Whether Rupali owns any lower duty of care towards the guests because of her inexperience
Section 10 of the Civil Liability Act defines the extended regulations in context of the standard of care, which means, it further guides the Court while determining the standard of care owned by the defendant towards the plaintiff. In other words, following individual owns lower duty of care towards the plaintiff-
- In case individual take the actions in the situations of the emergency.
- In case individual is the child or the individual with the disability (Roynette, no date).
It must be noted that, individual in the effect of intoxication does not own the lower duty of care towards the plaintiff. In similar manner, if plaintiff is under the effect of the intoxication then also defendant own normal duty of care towards the plaintiff (Queensland law handbook, no date).
Rupali does not own any lower duty of care towards the guests, because lower duty of care exist only in those cases in which individual take the actions in emergency situations or individual is the child or the individual with the disability.
1b. Duty of Care owned by Rupali
Rupali does not fall in both the situations, and inexperience of Rupali cannot be considered as sufficient ground to satisfy the criteria of the lower duty of care. Therefore, Rupali does not own lower duty of care because of her inexperience towards the guests.
Conclusion
In this case, Rupali does not own lower duty of care because of her inexperience towards the guests.
Whether John is vicarious liable for the breach of duty of care conducted by Rupali towards the guests
Vicarious liability occurred in those situations when one individual is held liable for the negligence conducted by any other individual. Generally, vicarious liability occurred in those situations when there is relationship of employer and employee and both the parties carrying out their duties. In maximum number of cases, employer will be vicariously held liable for the negligence of the employee (ALRC, no date).
In the present case, Johnny is the employer of the Rupali, because Rupali get her training under the Johnny, and because of this Johnny is vicariously liable for the negligent actions conducted by the Rupali. Vicarious liability occurred in those situations when one individual is held liable for the negligence conducted by any other individual.
This can be understood with the help of the case law Miller v South Australia (1980) 24 SASR 416, in which employer of the teacher of the individual school will be held liable.

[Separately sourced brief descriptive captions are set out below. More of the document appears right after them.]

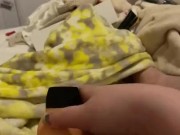 Fucking myself with my vibrator 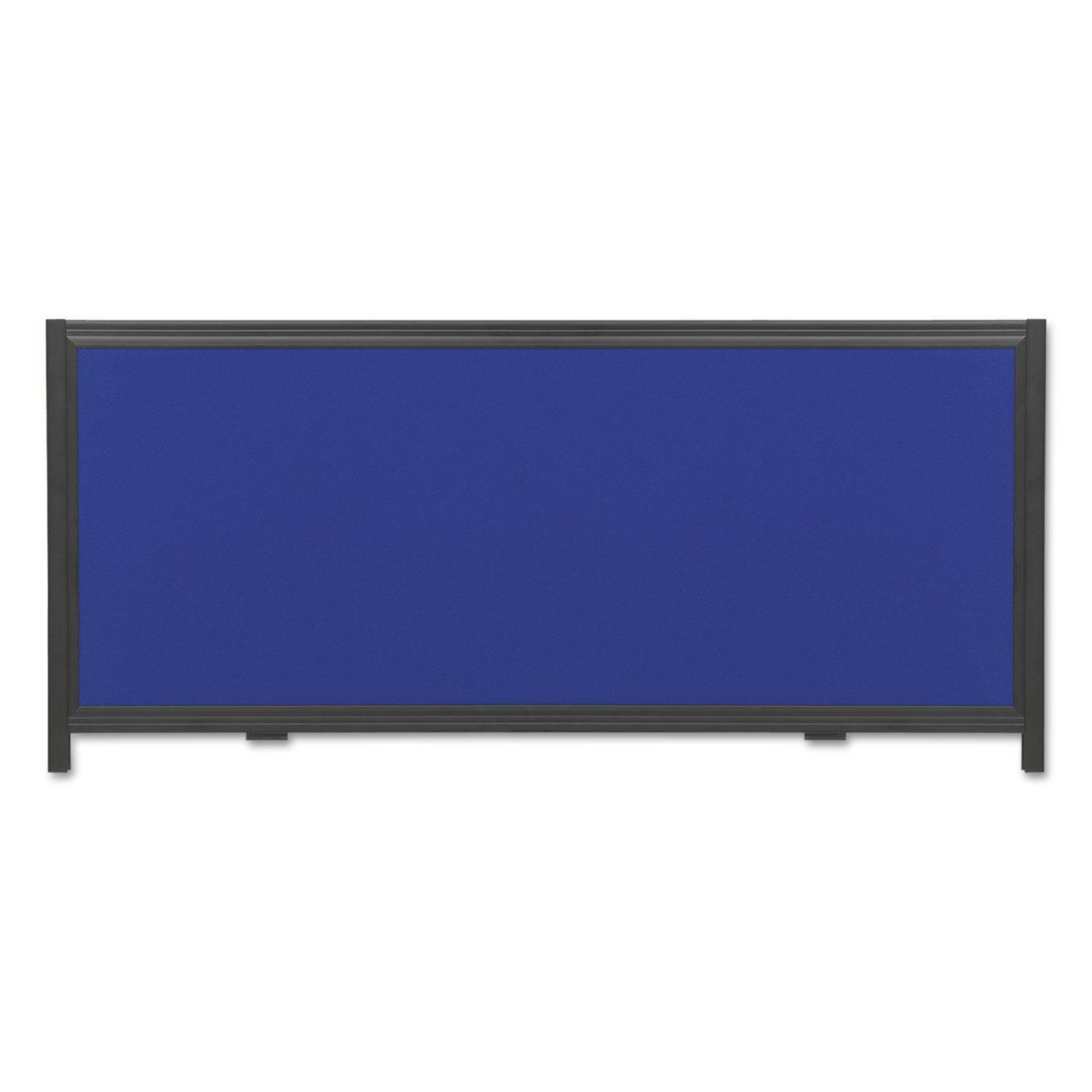 Display System Optional Header Panel, Fabric, 24 x 10, Blue/Gray/Black PVC Frame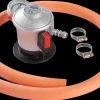 Outlet Regulator med slange og manometer Reserve- Og Løsdele|Gasslanger Og -Regulatorer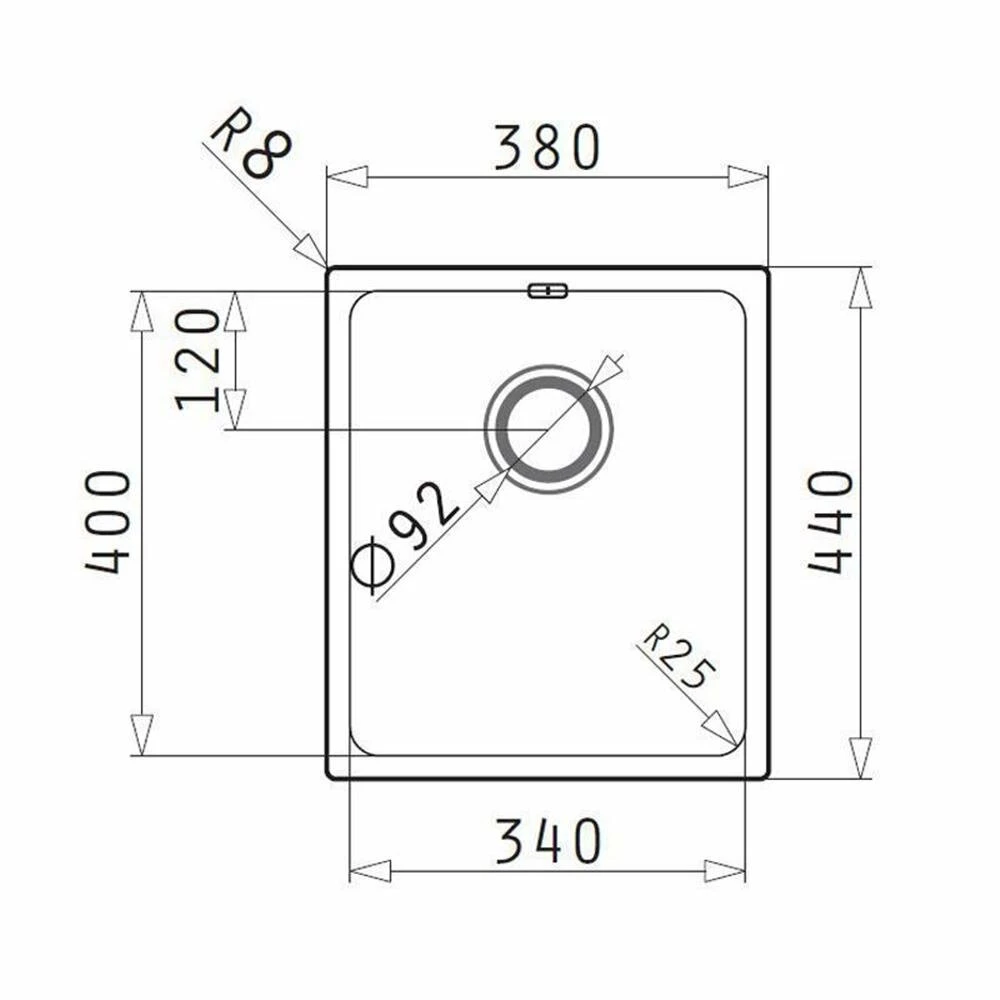 Pyramis Einbauspüle LYDIA (34X40) 1B Edelstahl UB 6 Pyramis Einbauspüle LYDIA (34X40) 1B Edelstahl UB – Bild 4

In this case, Court held that, school was held liable for all the injuries sustained by the 4-year old boy who escaped from his class.
In this case also, Johnny and Rupali shares the relationship of employer and employee and because of this Johnny can be held liable for the negligent actions conducted by the Rupali.
Conclusion
In this case, Johnny is the employer of the Rupali, and this is the reason because of which vicarious liability occurred in those this situation.
Whether there is any contract on art of the Lame Duck Restaurant and Li
The important element of the contract is the agreement, and this agreement consist two important elements that are offer and acceptance. Other important elements of contract are consideration and intention of parties to create legal relations. Following are some important conditions which must be exist in terms of creating the valid contract-
- Offer must be given by the offeror and it must be accepted by the offeree.
- Consideration must hold some monetary value.
- There must be intention of the contractual parties to create legal relations with each other, and intention exists in case of commercial contracts (ACL, no date).
It must be noted, in case any of the above stated elements is not present then such contract is not considered as valid contract.
1c. Vicarious liability of Johnny
In this case, all the essential elements of the valid contract are resent, as all the these elements are discussed-
- Li offer to book the venue and similar offer is accepted by the summer, which means there is offer and acceptance and this leads to agreement.
- Valid consideration is also present in this case.
- This is contract of commercial nature, and because of this parties intended to create legal relations with each other.
It can be said on the basis of above grounds that valid contract exists between the parties.
Conclusion
There is valid contract between the Li and lame Duck restaurant.
Whether there is any mistake under the contract exist between the parties
Unilateral mistakes are more under the contract law, and it occurs in those cases when one party related to the contract conduct any mistake in the contract, but other party does not conduct any mistake. Common law does not provide any remedy to the mistaken party in context of the unilateral mistake, but equity provides the remedy to the mistaken party in context of the unilateral mistake, and as per this remedy. As per the remedy given by the equity, in case non mistaken party is aware about the mistake conducted by the other party but still does not disclose the same then mistaken arty can cancel the contract. In other words, if there is any improper conduct on the part of the unmistaken party then it is their duty to aware the mistaken party about the same and in case they fails to do so then mistaken party holds the right to cancel the contract (ACL, no date).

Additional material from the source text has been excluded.